[Activity]:
Only some lines are wanted. Transcribe, exactly, the lines below from the line with "GRIBLO LED SMD-NW 300638-288325" up to and including the line with "Persona 4 Arena".

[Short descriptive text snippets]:
★ ★ ★

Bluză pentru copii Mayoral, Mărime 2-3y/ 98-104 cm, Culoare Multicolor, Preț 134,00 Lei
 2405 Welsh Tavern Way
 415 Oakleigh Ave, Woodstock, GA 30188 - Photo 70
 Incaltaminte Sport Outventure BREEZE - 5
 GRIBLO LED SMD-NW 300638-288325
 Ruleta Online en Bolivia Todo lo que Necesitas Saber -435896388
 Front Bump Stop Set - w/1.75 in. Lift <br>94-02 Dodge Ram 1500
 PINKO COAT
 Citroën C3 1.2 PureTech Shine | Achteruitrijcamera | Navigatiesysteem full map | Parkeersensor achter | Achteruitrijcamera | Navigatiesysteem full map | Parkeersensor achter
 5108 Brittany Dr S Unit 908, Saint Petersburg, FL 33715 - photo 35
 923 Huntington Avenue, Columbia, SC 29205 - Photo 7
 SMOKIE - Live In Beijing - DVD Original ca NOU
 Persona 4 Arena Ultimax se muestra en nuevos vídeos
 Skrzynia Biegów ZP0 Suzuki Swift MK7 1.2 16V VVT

★ ★ ★

[Answer]:
 GRIBLO LED SMD-NW 300638-288325
 Ruleta Online en Bolivia Todo lo que Necesitas Saber -435896388
 Front Bump Stop Set - w/1.75 in. Lift <br>94-02 Dodge Ram 1500
 PINKO COAT
 Citroën C3 1.2 PureTech Shine | Achteruitrijcamera | Navigatiesysteem full map | Parkeersensor achter | Achteruitrijcamera | Navigatiesysteem full map | Parkeersensor achter
 5108 Brittany Dr S Unit 908, Saint Petersburg, FL 33715 - photo 35
 923 Huntington Avenue, Columbia, SC 29205 - Photo 7
 SMOKIE - Live In Beijing - DVD Original ca NOU
 Persona 4 Arena Ultimax se muestra en nuevos vídeos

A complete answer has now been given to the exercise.